_Task objective_.
What needs reproducing is the run of lines in the data below starting at the line with "KNAFX4A8XG5506141 2016 KIA FORTE - Image 8" and ending at the line with "CASA EN PH 3", both ends included. Copy it exactly, without pictures, and add nothing.

(Beginning of Given data)

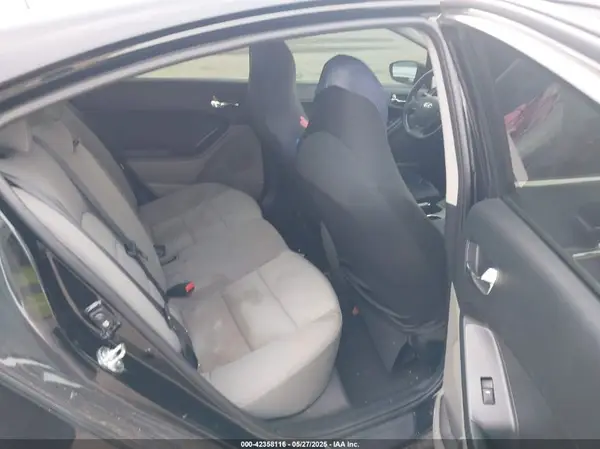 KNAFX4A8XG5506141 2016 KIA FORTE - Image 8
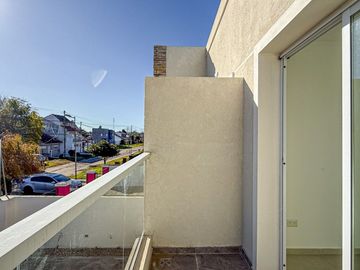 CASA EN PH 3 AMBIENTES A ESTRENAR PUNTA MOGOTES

(End of Given data)
(Beginning of Given data)

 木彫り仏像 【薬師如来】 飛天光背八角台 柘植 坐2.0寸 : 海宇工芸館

(End of Given data)

_Your response_.
 KNAFX4A8XG5506141 2016 KIA FORTE - Image 8
 CASA EN PH 3 AMBIENTES A ESTRENAR PUNTA MOGOTES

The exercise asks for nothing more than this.